*Por Claudio Epelman
El 31 de octubre de 2017, el terrorismo internacional atacó la Argentina. Para ello no hizo falta, como los tristes antecedentes dictaban, una compleja red de complicidad que permitiera la llegada desapercibida de los terroristas al suelo de nuestro país. Aquella tarde otoñal, un camión de alquiler y un ciudadano uzbeko al grito de “Allahu akbar”, radicalizado a través de las redes sociales, fueron suficientes para sembrar la muerte en Nueva York. Y aunque no hubo bombas, la onda expansiva del dolor recorrió miles de kilómetros hasta el corazón de los que vivimos en esta parte del mundo.
Un divertido paseo en bicicleta entre una decena de amigos de la secundaria, que se reencontraban para una visita soñada a la Gran Manzana, de pronto se convirtió en la peor de las pesadillas. El odio, una vez más, le ganaba la partida al amor. De manera irracional e intempestiva, el terror irrumpió en la vida de diez familias rosarinas. La doctrina del odio no sabe de límites ni fronteras, y sus consecuencias son enormemente más grandes que el escenario donde tiene lugar. Dos décadas antes los argentinos ya habíamos sufrido las terribles consecuencias del terrorismo, cuando dos coches bomba volaron -con apenas dos años de diferencia- la AMIA y la Embajada de Israel.
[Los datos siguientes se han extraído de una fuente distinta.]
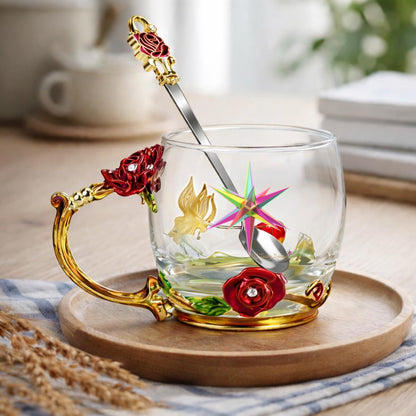 12OZ Enamel Floral Glass Mug With Spoon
A veces la experiencia es la más amarga de las maestras. El triste recorrido que nos precedía hizo del acompañamiento a los sobrevivientes y las familias de las víctimas un deber moral. Casi treinta años después de aquel primer ataque, sabemos que cuando el polvo se asienta, y las cámaras se retiran, el dolor recién comienza. Puertas adentro, donde las miradas de los hijos se cruzan con las nuestras en búsqueda de una explicación, o simplemente un gesto de aliento. En el inagotable esfuerzo por encontrar y juzgar a los culpables. O en la vida misma, ante la ausencia irremediable de ese ser querido que se nos arrancó.
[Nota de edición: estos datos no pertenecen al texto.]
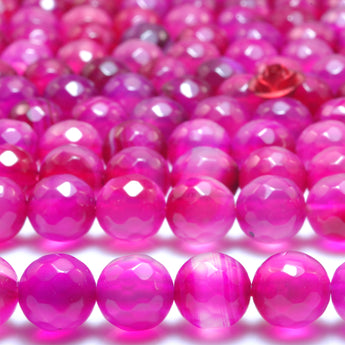 Rose red agate faceted round beads  wholesale gemstone jewelry making bracelet diy stuff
Este trabajo nos llevó, en el año 2018, a organizar un espacio de encuentro entre sobrevivientes de atentados terroristas, el primero en su tipo en la región. La posibilidad de compartir un poco de este dolor con quienes cargan con un trauma similar es sin duda una manera de alivianar la carga. Sin embargo, abrir este camino y dar lugar a estas historias no puede ser la responsabilidad de unos pocos. Como argentinos, que demasiadas veces hemos sufrido este horror, debemos reclamar la presencia del Estado, quien debe asumir un rol central en la contención y acompañamiento de las víctimas.
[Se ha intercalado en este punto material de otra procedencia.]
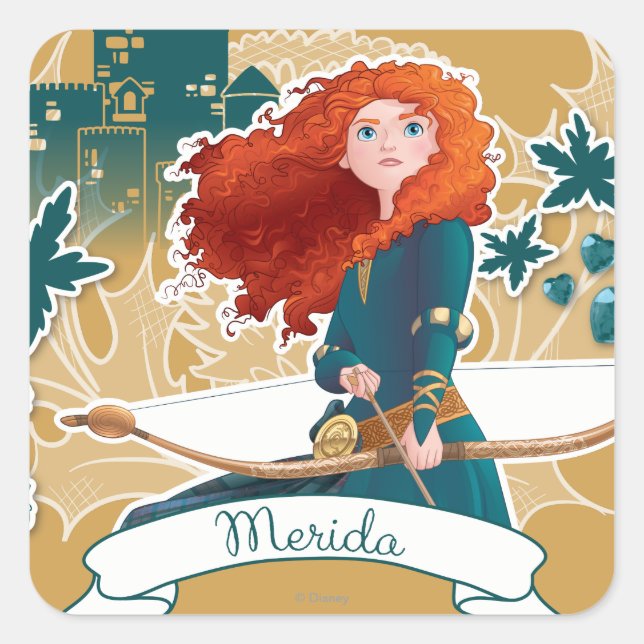 Merida - Brave Princess Square Sticker (Front)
Hoy se cumplen cuatro años de aquel día. Cuatro años de ausencias y de sueños sin cumplir. Cuatro años de rostros que no envejecen, de sillas vacías, de preguntas que ya no pueden responder. Se cumplen, también, cuatro años de lucha ininterrumpida y de búsqueda de justicia. Y de trabajar juntos por la construcción de un mundo donde, de una vez y para siempre, el amor venza al odio. Por los Hernanes, por Diego, por Alejandro y por Ariel. Por ellos, y por las incontables vidas inocentes que se han perdido en manos del terror.